Kadınlar kazanıyor erkekler bakıyor

Son iki haftada kadın sporuyla seviniyoruz ve heyecanlanıyoruz. Avrupa’nın zirvesine oynuyor Türk takımları. Kah kupayı kazanıyor kah final oynuyor. Milli takımlar desen Olimpiyatlar’ın eşiğinde. Bireysel sporcular dünya ve Avrupa şampiyonalarında madalya peşinde. İşte Türkiye’nin sporda lokomotifi haline gelen kadın sporunun başarı sırları.

AFERİN KIZLAR

* Basketbol Milli Takımı Avrupa ikincisi
* Voleybol Milli Takım Avrupa üçüncüsü
* Fenerbahçe Universal voleybolda Avrupa şampiyonu
* Fenerbahçe basketbol takımı Avrupa’da
* Galatasaray voleybol takımı Avrupa’da finalist
* Basketbol ve voleybol milli takımları Olimpiyatlar’ın eşiğinde
* Boksta Gülsüm Tatar ve Şemsi Yaralı Avrupa şampiyonu
* Atletizmde Aslı Çakır Alptekin dünya üçüncüsü
* Londra 2012 Olimpiyatları’nı garantileyen 51 sporcunun 25’i kadın

HARCANAN PARA ERKEKLERİN ONDA BİRİ
 
* Erkek sporuna yılda bir milyar dolar harcanıyor. Sonuç sıfır. Kadınlara harcanan para bunun onda biri. Her sezon kupa geliyor.
 
* Türkiye’deki 1 milyon 980 bin lisanslı sporcunun sadece 560 bini kadın.
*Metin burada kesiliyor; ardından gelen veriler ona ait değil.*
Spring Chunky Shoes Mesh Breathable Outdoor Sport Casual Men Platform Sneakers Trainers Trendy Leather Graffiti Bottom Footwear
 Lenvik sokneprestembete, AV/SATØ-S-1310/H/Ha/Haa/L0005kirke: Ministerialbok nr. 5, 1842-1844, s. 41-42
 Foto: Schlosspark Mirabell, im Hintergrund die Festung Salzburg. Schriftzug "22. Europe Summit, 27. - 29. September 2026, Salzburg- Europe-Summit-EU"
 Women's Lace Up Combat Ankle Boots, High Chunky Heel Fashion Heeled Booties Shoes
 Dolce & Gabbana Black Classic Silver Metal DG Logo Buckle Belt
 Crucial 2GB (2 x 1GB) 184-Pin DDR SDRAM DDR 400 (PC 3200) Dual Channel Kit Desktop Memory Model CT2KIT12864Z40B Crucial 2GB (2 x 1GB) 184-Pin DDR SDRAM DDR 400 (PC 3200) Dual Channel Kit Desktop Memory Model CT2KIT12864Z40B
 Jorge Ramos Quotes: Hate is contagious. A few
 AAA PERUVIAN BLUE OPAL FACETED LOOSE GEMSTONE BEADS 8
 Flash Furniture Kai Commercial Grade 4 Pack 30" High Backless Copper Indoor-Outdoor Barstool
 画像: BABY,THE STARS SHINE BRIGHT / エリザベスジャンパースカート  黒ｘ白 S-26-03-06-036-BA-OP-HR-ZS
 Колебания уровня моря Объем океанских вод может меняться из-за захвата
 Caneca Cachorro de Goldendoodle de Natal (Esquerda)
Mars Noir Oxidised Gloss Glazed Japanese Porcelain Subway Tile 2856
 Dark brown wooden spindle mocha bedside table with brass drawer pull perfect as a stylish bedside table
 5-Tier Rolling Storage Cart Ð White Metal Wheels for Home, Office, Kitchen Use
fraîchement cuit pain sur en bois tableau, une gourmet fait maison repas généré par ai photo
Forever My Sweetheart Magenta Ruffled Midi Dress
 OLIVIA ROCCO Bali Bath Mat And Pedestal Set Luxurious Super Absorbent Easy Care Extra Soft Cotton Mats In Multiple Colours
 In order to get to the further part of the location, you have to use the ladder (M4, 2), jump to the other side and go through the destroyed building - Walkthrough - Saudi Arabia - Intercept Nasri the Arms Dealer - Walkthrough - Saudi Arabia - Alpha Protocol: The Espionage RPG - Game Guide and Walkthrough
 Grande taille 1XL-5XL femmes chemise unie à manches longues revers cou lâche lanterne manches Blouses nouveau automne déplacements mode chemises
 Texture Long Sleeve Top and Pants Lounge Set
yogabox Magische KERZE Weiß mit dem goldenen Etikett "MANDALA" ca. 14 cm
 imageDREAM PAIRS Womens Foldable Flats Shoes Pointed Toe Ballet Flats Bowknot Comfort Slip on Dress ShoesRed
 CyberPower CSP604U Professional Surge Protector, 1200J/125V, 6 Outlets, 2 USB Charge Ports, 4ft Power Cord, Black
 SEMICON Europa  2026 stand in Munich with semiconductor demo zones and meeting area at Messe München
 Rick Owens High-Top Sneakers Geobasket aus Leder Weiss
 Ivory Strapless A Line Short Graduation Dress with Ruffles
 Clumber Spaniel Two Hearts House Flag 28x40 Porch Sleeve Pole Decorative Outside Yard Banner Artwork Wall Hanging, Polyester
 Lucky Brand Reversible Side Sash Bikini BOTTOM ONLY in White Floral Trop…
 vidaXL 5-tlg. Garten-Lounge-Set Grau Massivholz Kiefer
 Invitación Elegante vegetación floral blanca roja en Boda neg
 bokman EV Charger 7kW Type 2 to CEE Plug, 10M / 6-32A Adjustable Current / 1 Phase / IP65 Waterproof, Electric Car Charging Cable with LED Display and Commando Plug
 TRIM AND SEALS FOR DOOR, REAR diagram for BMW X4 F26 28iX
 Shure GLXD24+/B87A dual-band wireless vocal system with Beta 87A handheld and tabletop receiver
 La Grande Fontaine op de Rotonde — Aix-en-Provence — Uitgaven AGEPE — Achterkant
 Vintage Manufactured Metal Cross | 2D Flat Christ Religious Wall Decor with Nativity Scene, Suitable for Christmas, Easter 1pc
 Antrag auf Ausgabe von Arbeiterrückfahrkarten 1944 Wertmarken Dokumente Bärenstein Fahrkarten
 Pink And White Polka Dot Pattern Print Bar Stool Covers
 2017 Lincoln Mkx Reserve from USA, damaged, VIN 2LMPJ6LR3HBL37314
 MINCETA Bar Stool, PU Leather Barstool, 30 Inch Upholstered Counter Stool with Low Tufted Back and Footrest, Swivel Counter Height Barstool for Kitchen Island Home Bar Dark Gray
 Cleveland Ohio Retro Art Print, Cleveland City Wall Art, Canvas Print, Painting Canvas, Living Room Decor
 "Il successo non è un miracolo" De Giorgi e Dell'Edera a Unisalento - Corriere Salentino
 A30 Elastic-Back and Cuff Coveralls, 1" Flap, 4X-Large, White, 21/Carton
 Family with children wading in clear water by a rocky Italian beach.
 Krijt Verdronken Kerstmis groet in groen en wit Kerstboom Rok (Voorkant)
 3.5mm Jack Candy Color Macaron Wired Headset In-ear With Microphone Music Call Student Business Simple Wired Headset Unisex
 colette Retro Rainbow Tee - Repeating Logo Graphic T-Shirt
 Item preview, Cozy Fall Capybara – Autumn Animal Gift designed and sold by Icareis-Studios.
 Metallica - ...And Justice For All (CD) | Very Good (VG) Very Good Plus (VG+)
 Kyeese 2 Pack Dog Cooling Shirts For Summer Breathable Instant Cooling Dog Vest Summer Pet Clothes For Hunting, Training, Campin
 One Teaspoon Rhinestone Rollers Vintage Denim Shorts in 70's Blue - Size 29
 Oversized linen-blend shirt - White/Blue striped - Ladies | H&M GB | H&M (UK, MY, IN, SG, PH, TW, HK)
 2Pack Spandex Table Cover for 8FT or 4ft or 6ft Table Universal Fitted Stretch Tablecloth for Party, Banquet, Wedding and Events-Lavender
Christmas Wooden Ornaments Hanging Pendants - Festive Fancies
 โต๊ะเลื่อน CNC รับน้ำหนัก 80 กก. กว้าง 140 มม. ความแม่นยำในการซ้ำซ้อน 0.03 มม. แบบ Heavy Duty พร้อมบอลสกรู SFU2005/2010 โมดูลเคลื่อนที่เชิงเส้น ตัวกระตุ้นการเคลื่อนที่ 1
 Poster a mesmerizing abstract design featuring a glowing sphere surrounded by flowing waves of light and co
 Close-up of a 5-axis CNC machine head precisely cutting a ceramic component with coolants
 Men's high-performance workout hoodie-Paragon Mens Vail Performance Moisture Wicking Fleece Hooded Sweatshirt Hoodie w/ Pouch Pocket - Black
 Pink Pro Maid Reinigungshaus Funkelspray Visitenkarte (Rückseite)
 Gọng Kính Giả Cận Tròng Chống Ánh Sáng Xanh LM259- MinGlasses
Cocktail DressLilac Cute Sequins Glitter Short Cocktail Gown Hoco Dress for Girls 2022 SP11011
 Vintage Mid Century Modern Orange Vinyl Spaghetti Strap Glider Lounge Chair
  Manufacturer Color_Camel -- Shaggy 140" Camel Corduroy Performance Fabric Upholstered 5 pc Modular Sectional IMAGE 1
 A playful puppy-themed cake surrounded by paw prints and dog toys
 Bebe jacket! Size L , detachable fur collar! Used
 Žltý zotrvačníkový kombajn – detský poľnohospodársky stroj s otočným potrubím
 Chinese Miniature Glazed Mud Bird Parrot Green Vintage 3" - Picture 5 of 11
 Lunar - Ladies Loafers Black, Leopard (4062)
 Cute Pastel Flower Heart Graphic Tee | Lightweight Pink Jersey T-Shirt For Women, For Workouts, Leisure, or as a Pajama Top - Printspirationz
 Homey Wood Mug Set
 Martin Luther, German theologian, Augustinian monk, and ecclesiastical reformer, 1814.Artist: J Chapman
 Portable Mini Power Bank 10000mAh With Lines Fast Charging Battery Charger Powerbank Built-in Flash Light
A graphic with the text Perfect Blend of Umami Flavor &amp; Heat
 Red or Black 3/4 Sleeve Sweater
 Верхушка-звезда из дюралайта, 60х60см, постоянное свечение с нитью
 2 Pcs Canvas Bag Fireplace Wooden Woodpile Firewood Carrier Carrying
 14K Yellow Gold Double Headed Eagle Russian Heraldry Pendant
* Avrupa Basketbol Şampiyonası’nda erkekler çeyrek finale bile kalamazken kadın takımı Rusya ile final oynadı.
 
* Avrupa Voleybol Şampiyonası’nda erkekler birinci turda elenirken, kadınlar üçüncü oldu.
 
* Bu yaz hem basketbol hem voleybol milli takımları Türkiye’de olimpiyat elemesi oynayacaklar.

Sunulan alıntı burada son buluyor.